Upfront Disclaimer - (as I’m sure will soon be apparent) I have essentially no knowledge or understanding of quantum physics. Still, I’m not gonna let that stop me from asking my question.
In Wheeler-Feynman Absorber Theory, it’s my ‘understanding’ that electromagnetic waves (or charges) can be either retarded or advanced, with the latter seemingly in violation of the basic principle of causality. However, according to the theory, no paradoxes ensue because the various waves all cancel out exactly and/or are totally absorbed by the other particles in the Universe.
My question has to do with the impact of the Uncertainty Principle on the ostensibly “exact” cancellation or absorption as mentioned above. Wouldn’t the Uncertainty Principle guarantee that the cancellation is not, and cannot ever, be exact? In other words, some small part of the advanced wave would ‘survive’ uncanceled. And, that would imply that the travel or transmission of at least some information is, potentially, in violation of causality. I think.
I am not trying to argue that any information transmitted or ‘surviving’ in this way would be useful or could be used to communicate backwards in time. My only point is that according to the way I am interpreting things, there should be some ‘leakage’ of information that would seem to violate causality.
No, the cancellation isn’t always exact, but the residual is so small as to be literally lost in the noise. Keep in mind that the uncertainty principle also applies to time measurements, as well as space measurements (specifically, the product of time uncertainty and energy uncertainty has a minimum possible value, similarly to position and momentum).
Not surprising. Still, the conclusion is a neat one, i.e. although not identifiable in the “noise”, there is nonetheless information arriving from the future. Extraordinary (if only in a ‘philosophical’ sense).
Hmm, I’m not sure I agree with this. I’m not too familiar with the Wheeler-Feynman idea, but it seems to me as if the argument ought to work just as well for ordinary spatial interference of waves. But there, you actually have places of total destructive interference, i.e. where the probability of detecting any light is exactly zero. The reason this is not in conflict with the uncertainty principle is that it’s the wave function that interferes, not any observable quantity.
From another point of view, uncertainty relations exist only between certain sets of quantities, called ‘conjugate’ or ‘complementary’ pairs.
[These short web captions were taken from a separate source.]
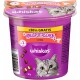 Whiskas Knuspertaschen katten traktaties met rundvlees, 90g container, met een grijze kat op het label en '+50% GRATIS' tekst.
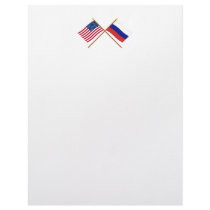 US and Russia Crossed Flags Letterhead Template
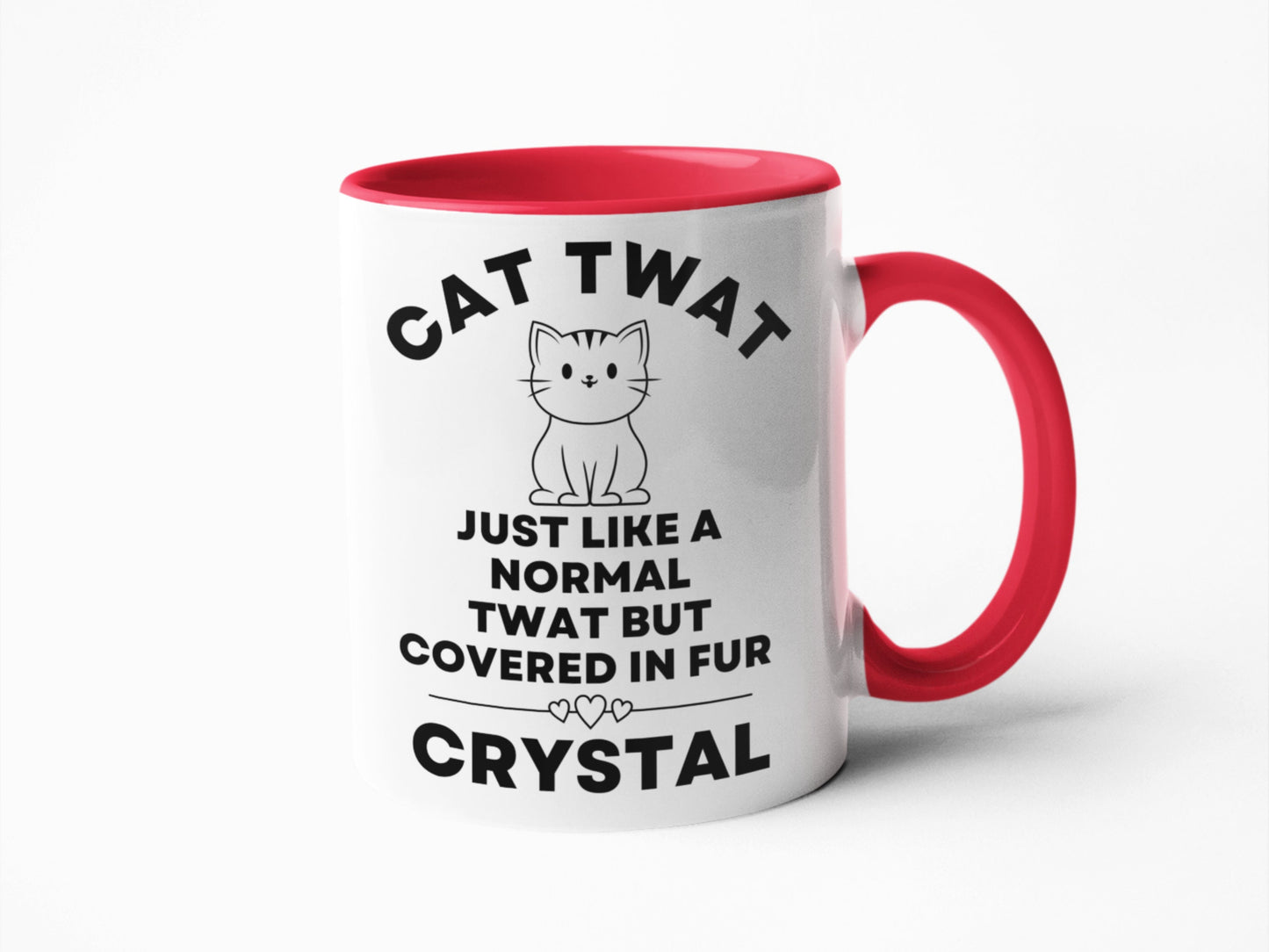 Cat twat sweary rude coffee personalised mug gift for cat lovers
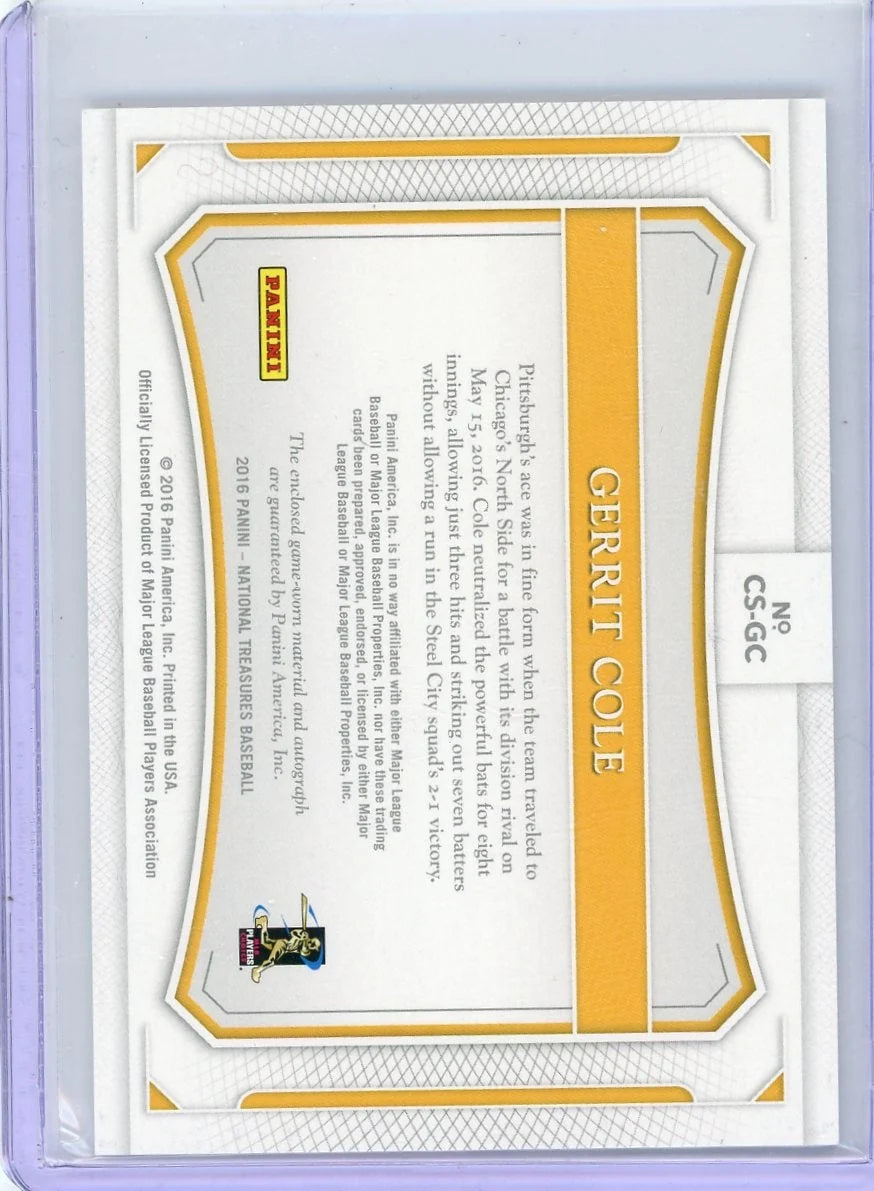 Gerrit Cole 2016 Panini National Treasures Colossal Patch Autograph #'d 20/25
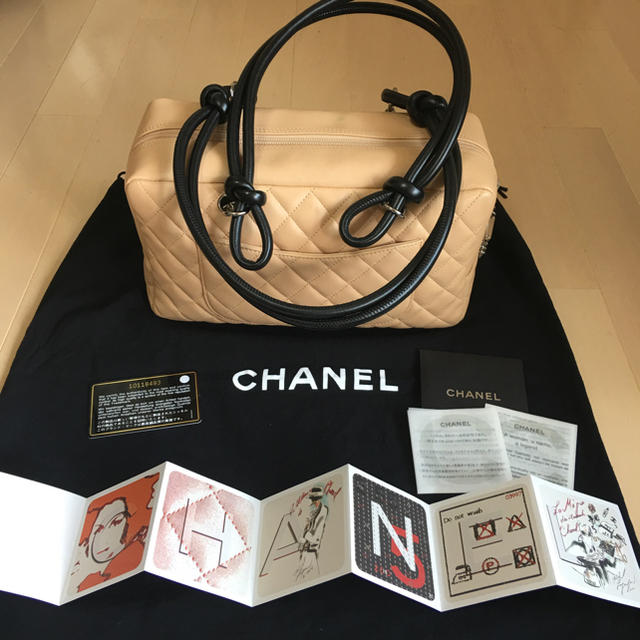 CHANEL(シャネル)の週末限定値下げ！美品♪ シャネル カンボンライン ボーリングバッグ ベージュ レディースのバッグ(ハンドバッグ)の商品写真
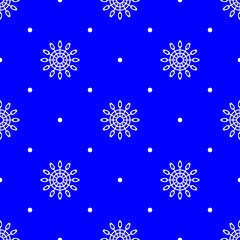 Fototapeta na wymiar Repeated snowflake and polka dot. Winter seamless pattern. Simple vector illustration.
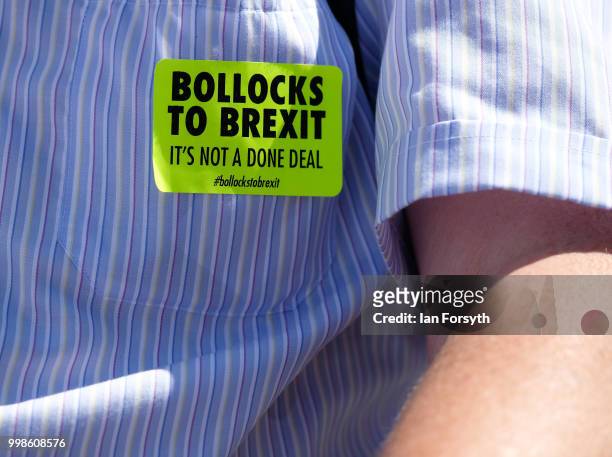 Man wears an anti-brexit sticker on his shirt during the 134th Durham Miners' Gala on July 14, 2018 in Durham, England. Over two decades after the...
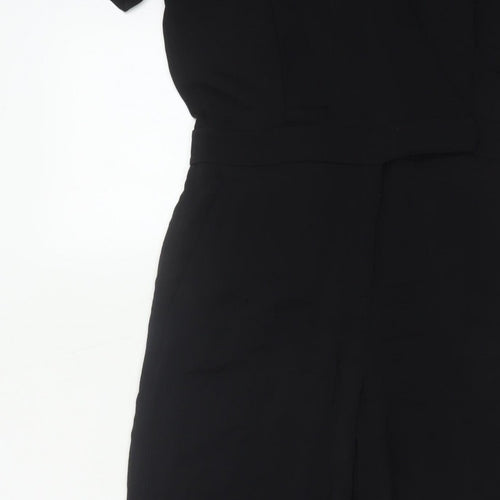 & Other Stories Women Black UK 10 Wide-Leg V-Neck Short Sleeve Jumpsuit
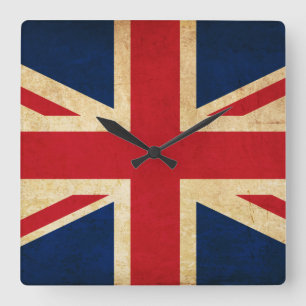 Old Grunge United Kingdom Flag Union Jack Vierkante Klok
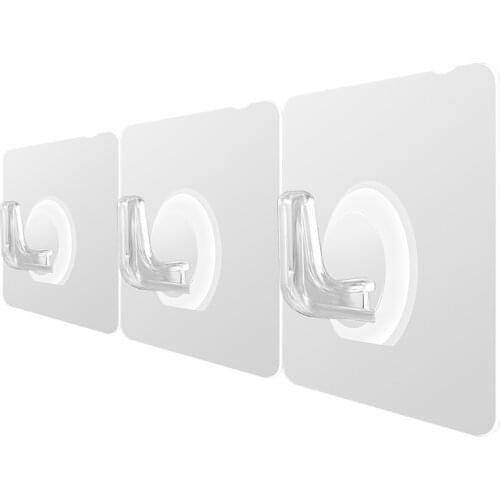10/20pcs Universal Transparent Strong Hooks Self Adhesive Door Wall Hangers Hooks Strong Sticky Kitchen Bathroom Storage Hangers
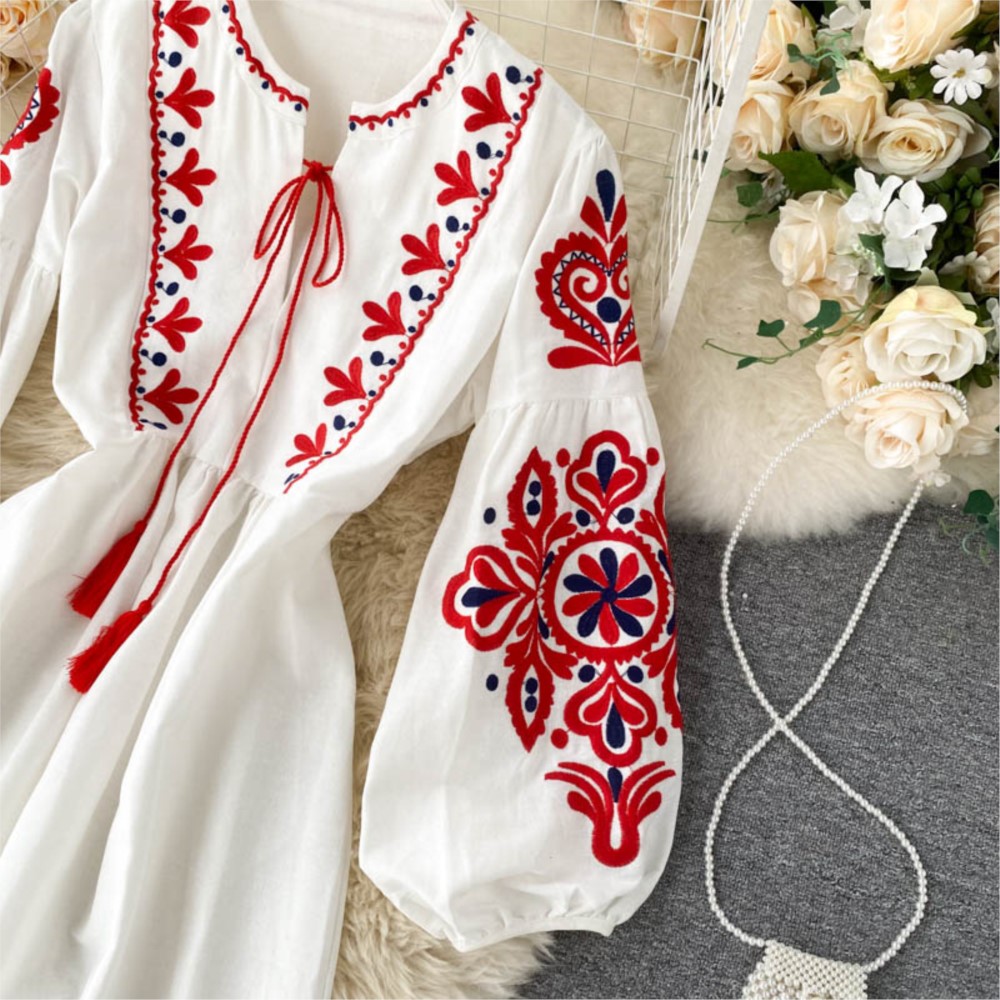 Lose Kleid Gestickte Blumen Te – Winter Clothing Dress Up Bewertung und Preis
But interference depends only on the relative phase of the waves, which, as a single quantity, can be as definite as one likes (though the phase is a bit dicey as an observable in quantum mechanics).
Finally, uncertainty principles are only relevant in a measurement context, so they ought only matter for interference if, given the resulting wave, a measurement could be executed upon it such that one can infer information about two conjugate quantities going beyond the limit imposed by the uncertainty relations (in fact, Einstein suggested a thought experiment along these lines at Solvay, purporting to show that one can use an interference experiment to circumvent the uncertainty relations, and thus, that quantum mechanics doesn’t yield a complete description of physical reality; Bohr soon could expose the flaw in his reasoning, however).
But I haven’t really given this much thought, so I’d be happy to be corrected.
I think the simplest answer is that when you go into the quantum realm whatever it is that cancels out (the probability density of finding light at a point, the expectation density of making some sort of measurement on the electromagnetic field at a point, or something more esoteric) is not something that is a quantum mechanical observable anyway and therefore the uncertainty principle is not directly relevant in this way.
This is pretty much what HMHB has said, but I would just add that how you would interpret Wheeler-Feynman absorber theory in the context of quantum mechanics depends on how you mover from classical electromagnetism to quantum theory and the interpretations you make (as well as the possible problems that may be thrown up by those interpretations).
This does not address the OP’s question, but I suggest using energy-time uncertainty principles with caution. Energy and time are not conjugate variables like position and momentum. In most formulations time is a real number, measured precisely by a classical clock. It is possible to define energy-time uncertainty principles for specific systems, sometimes describing uncertainty in time, but sometimes merely the duration of the measurement. Most often, invocation of an energy-time uncertainty principle is essentially hand-waving.
Material waves, such as we are familiar with (ocean, sound, etc) have a sinusoidal energy profile that integrates to net zero. But I think indivdual wave/particles in the quantum realm must somehow have a different profile, otherwise it would always be darkest before the photon (or after it). Quantum interference must, I would expect, be based on alternate properties, like charge/color (for charged/colored particles), polarity or “spin”. Does everything have a living anti-particle to balance its energy? Does to universe have a net zero energy?